____ DATA SHOWN

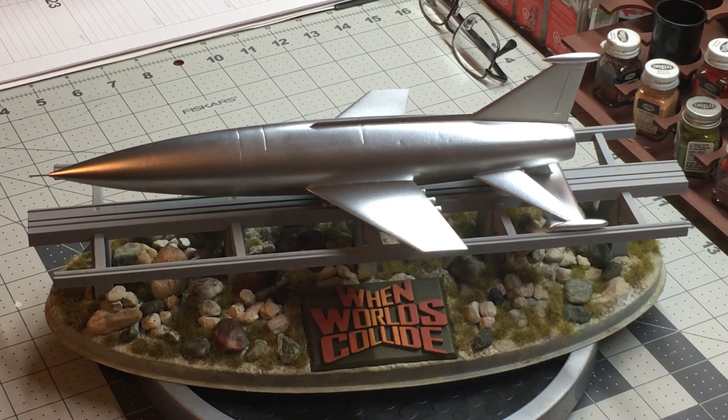So this is my latest build. It's by Pegasus Hobbies and it's called When Worlds Collide. The spaceship that you see here is actually featured in a 1951 sci-fi movie of the same name.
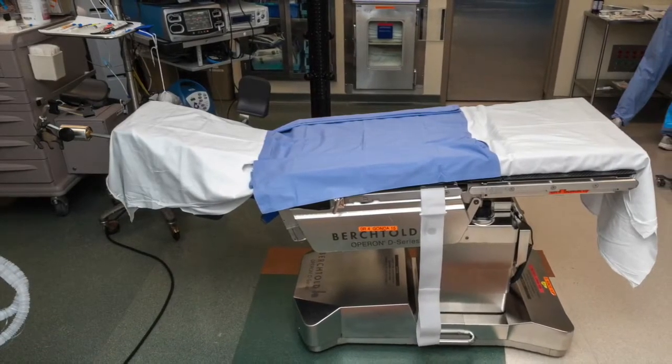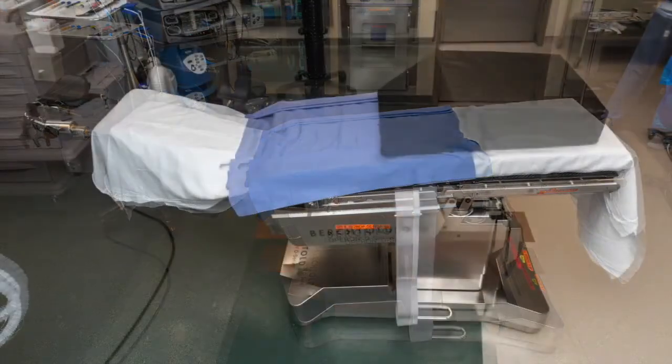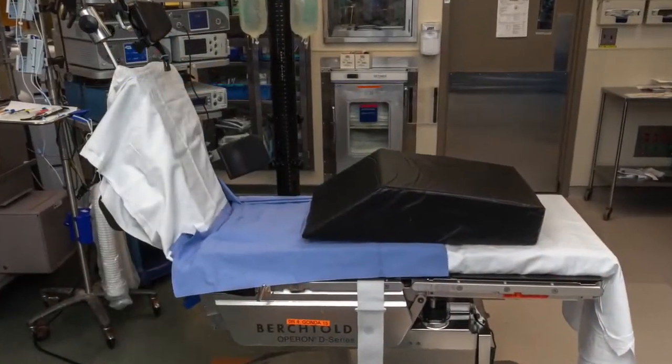This is done easily without moving them up or down to the right location once asleep. A leg foam ramp or pillow should be placed below the patient's legs to prevent the patient from slumping as they are sat upright. The bed will eventually be upright as shown here once the patient is positioned and anesthetized.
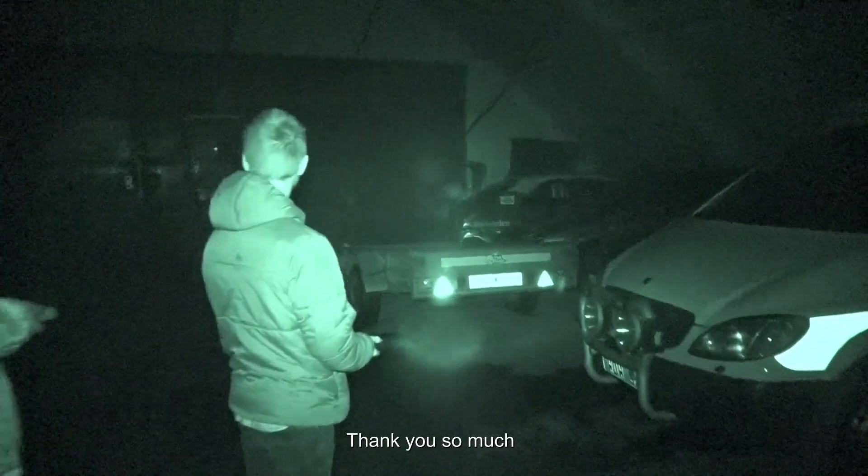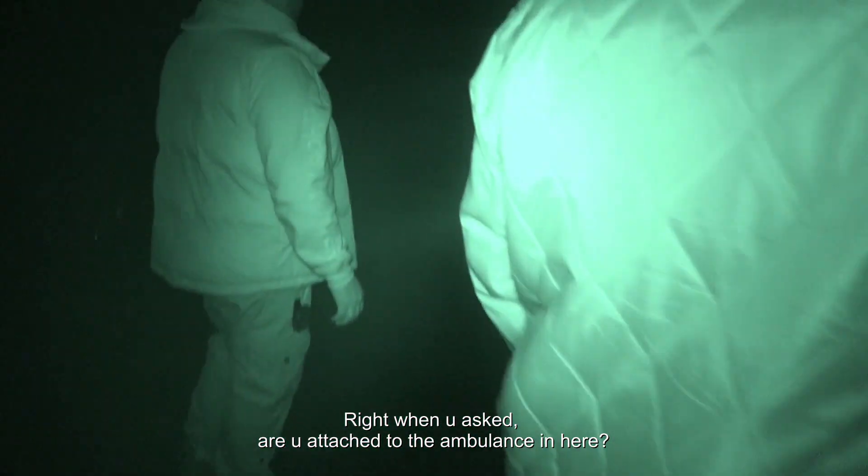PMB är nere. Tack så mycket. När du frågar — hör ihop med ambulansen som står här.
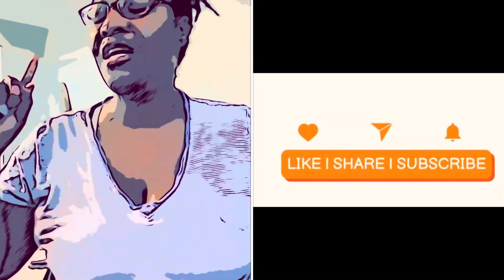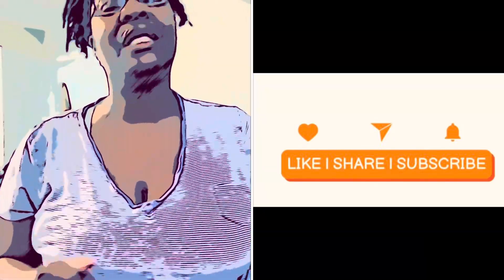Before I forget — make sure you like, share, comment, and turn on that notification bell. I'm trying to get to at least 50 subscribers before January 1st, so fingers crossed. If you can share this out to anyone you know, post it on your Instagram, Facebook, or TikTok — help your girl grow her channel. I'll see you in my next video!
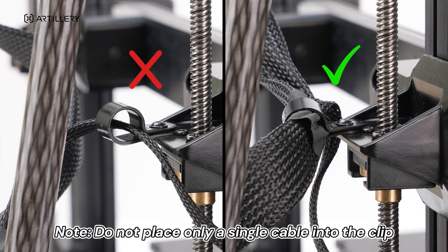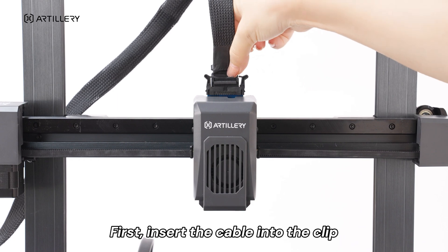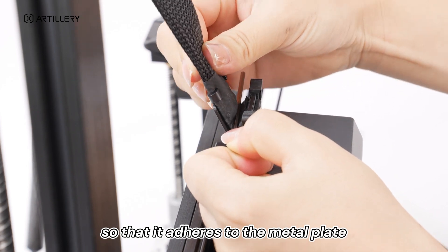Do not place only a single cable into the clip. Installing the extruder cable: first, insert the cable into the clip. Use any slender tool to gently press the cable down so that it adheres to the metal plate.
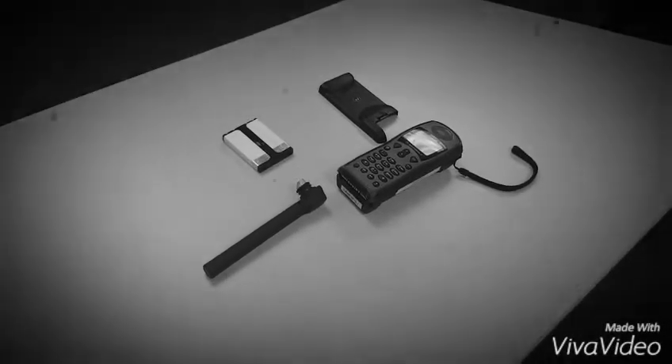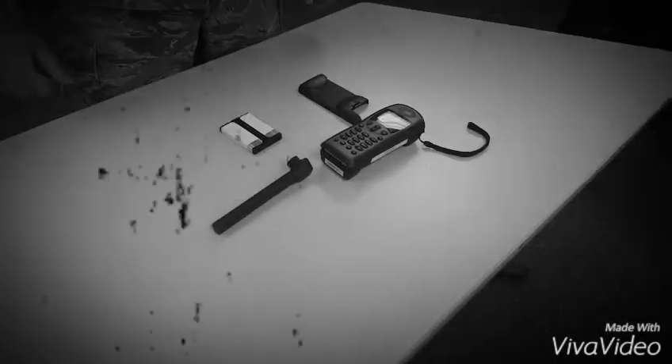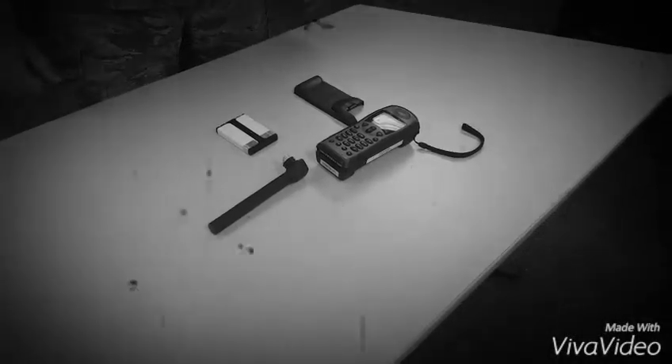Satellite Phone Equipment Setup. Step 1: Pick up the phone and battery.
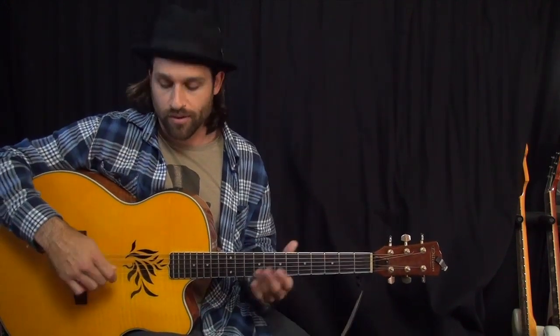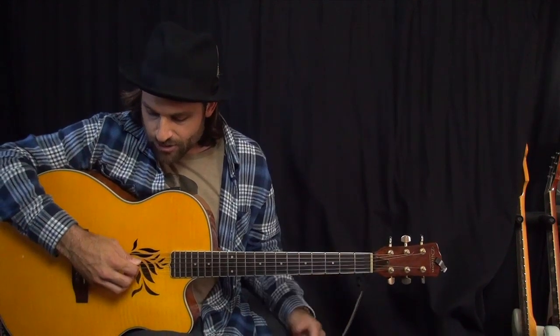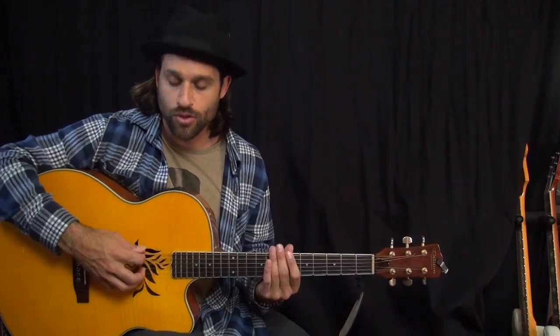Some of you guys out there who are really diehard acoustic players might be familiar with DADGAD tuning. For those of you who aren't, I'll go ahead and explain it. Basically, at some point in your guitar playing career, you've probably tuned your guitar down to drop D. That's where the low string matches the sound of the fourth string. So instead of E, A, D, you end up with D, A, D — hence the 'dad' part of DADGAD.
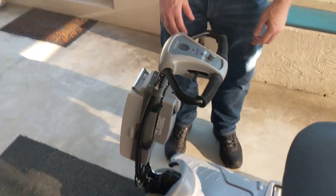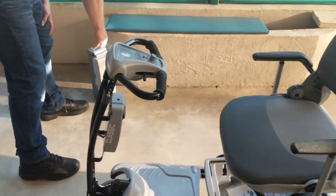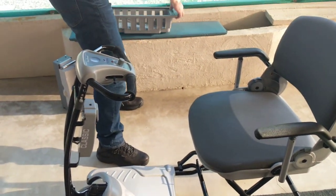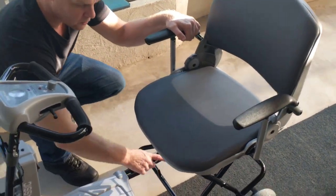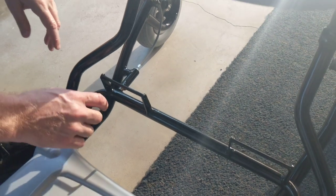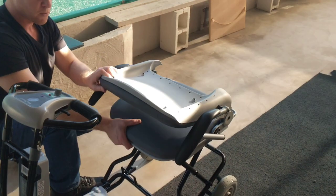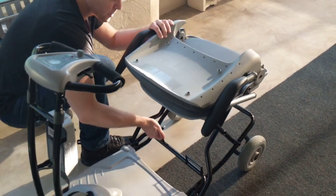To fold the scooter up, the first thing to do is remove the battery and remove the basket. Taking a look underneath the scooter, there's another lock — you can see two handles here in the locked position. To unlock this lock, you fold the back of the seat forward, which allows you to disengage the back of the scooter.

________

- **INSTRUCTIONS TO FOLLOW**:
Write out an exact copy of the lines beginning at the line that contains "Satellite Phone Equipment" and ending at the last line of the listing. Exclude pictures.

- **TASK RESULT**:
Satellite Phone Equipment Setup. Step 1: Pick up the phone and battery.
Some of you guys out there who are really diehard acoustic players might be familiar with DADGAD tuning. For those of you who aren't, I'll go ahead and explain it. Basically, at some point in your guitar playing career, you've probably tuned your guitar down to drop D. That's where the low string matches the sound of the fourth string. So instead of E, A, D, you end up with D, A, D — hence the 'dad' part of DADGAD.
To fold the scooter up, the first thing to do is remove the battery and remove the basket. Taking a look underneath the scooter, there's another lock — you can see two handles here in the locked position. To unlock this lock, you fold the back of the seat forward, which allows you to disengage the back of the scooter.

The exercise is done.